When I was making my list of questions today, I asked Dave if he had any questions.  He did ask if one day he would not be able to drive - I explained the reason for the driving assessment, and that for now he seemed to be fine to drive.  But sometime down the road, he might not be able to drive.  He asked what would happen next - I told him no one really knows - it's that kind of disease and progresses differently in everyone.  He asked if he would die from it - I said it is considered a terminal illness, and that he would probably eventually die, but again, depending on the progression, it could be years and years.  We talked a little about what the progression might look like, based on information we have in hand.  We discussed it was important to tell me about anything he notices with regard to motor weakness or problems, eye problems, etc. so we can make sure Dr. B knows about it.  He wondered if he'd still be able to think - I asked him to clarify what he meant and explained some of the problems he had so far.  "Just like I'm thinking right now - wondering what happens next - will I think like that?"  I told him what I know so far, which is that it is different with every person, but I didn't think he would stop thinking - just have more problems with understanding what was said to him, or for him to get the words out to communicate eventually.  He seemed relieved to hear after the phone call that he was in the mild to moderate stage.  And he laughed when I told him Dr. B was surprised he passed the driving test!  He seemed happy about that.  And then he put it out of his mind.  That was the longest discussion we had about it - I was glad he was able to think of questions, as he didn't have any when we were in Dr. B's office last week.  So he is processing it all, but not dwelling on it.
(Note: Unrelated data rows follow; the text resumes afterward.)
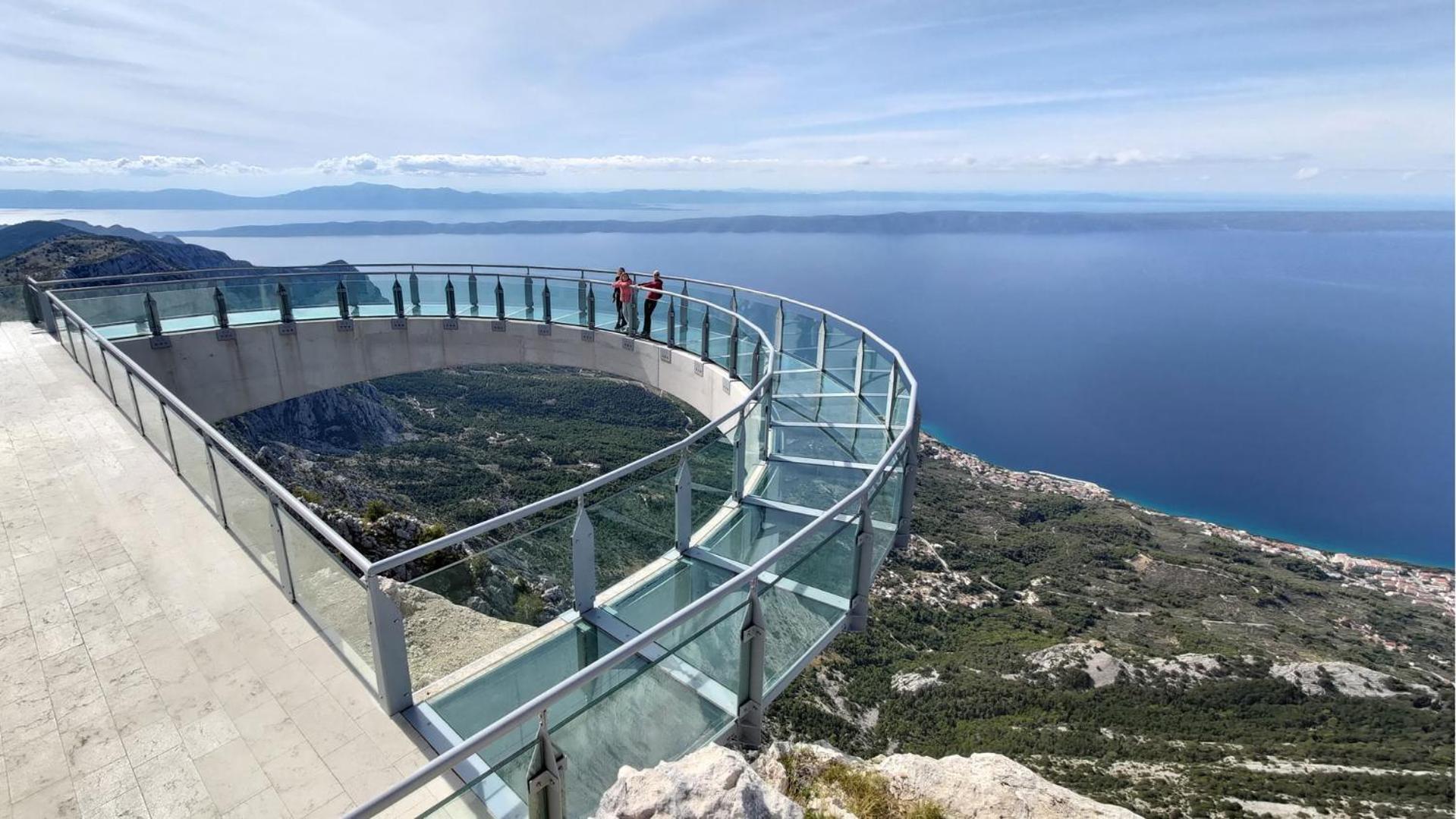 Apartmani Leo-Marin Makarska Exterior photo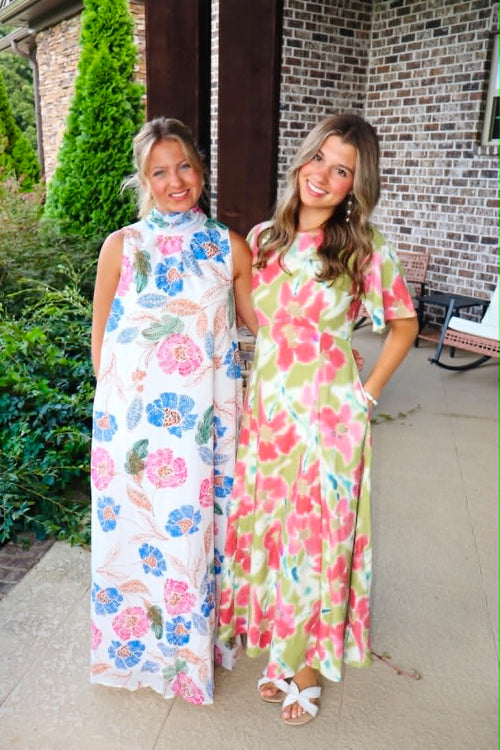 Dolly Maxi Dress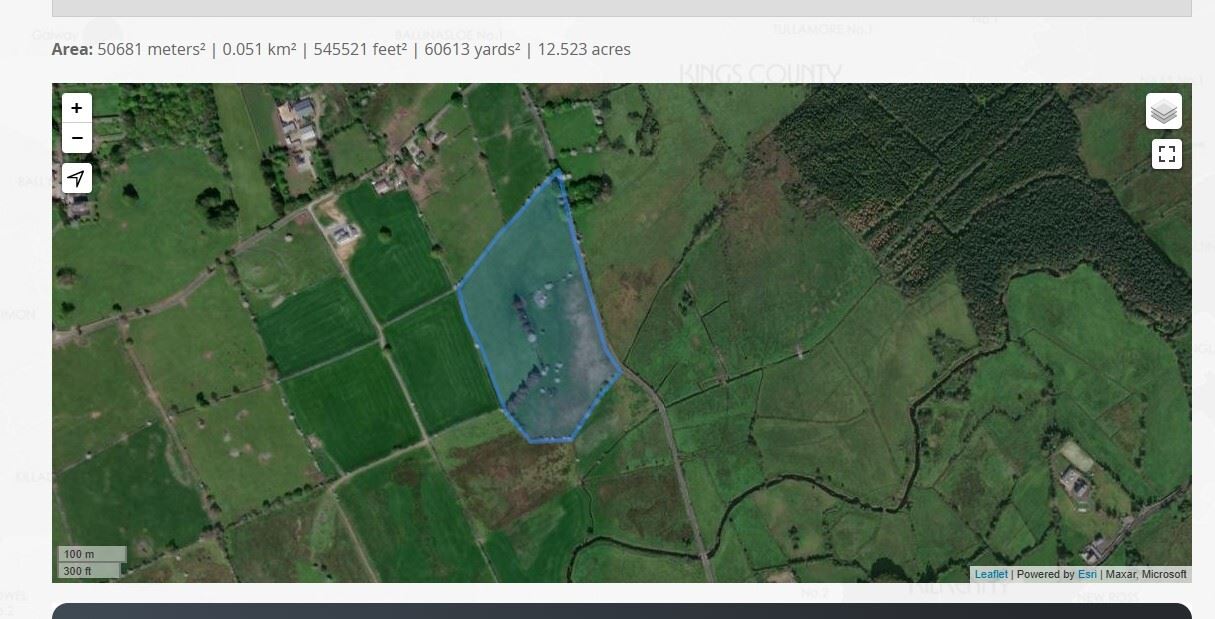 Ballygarraun, Kilchreest, Co. Galway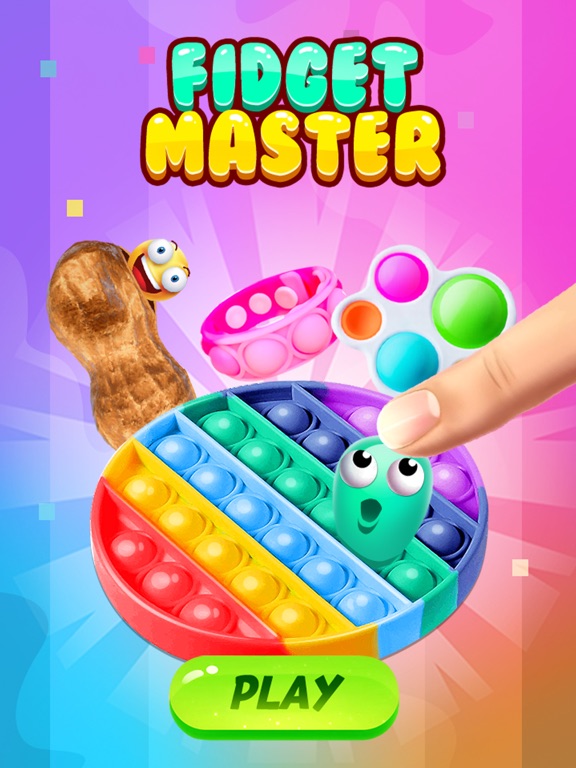 Screenshot #4 pour Fidget Toys - Match & Pop It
I accepted the ALS ice bucket challenge today, but noted it was only because of the association with FTD.  It seems that any research for ALS with regard to gene mutation will only help FTD advancement because they share a gene mutation.  10 - 15% of people with FTD get ALS.  I also noted I would be coming up with some kind of challenge for friends and family to spread the word about FTD and raise some funds for that research!  It seemed it did good work to raise awareness for ALS.  I'm looking for some ideas!  All in all, a good day's work.

Now I've got to take care of the ice bucket challenge - NOT FUN!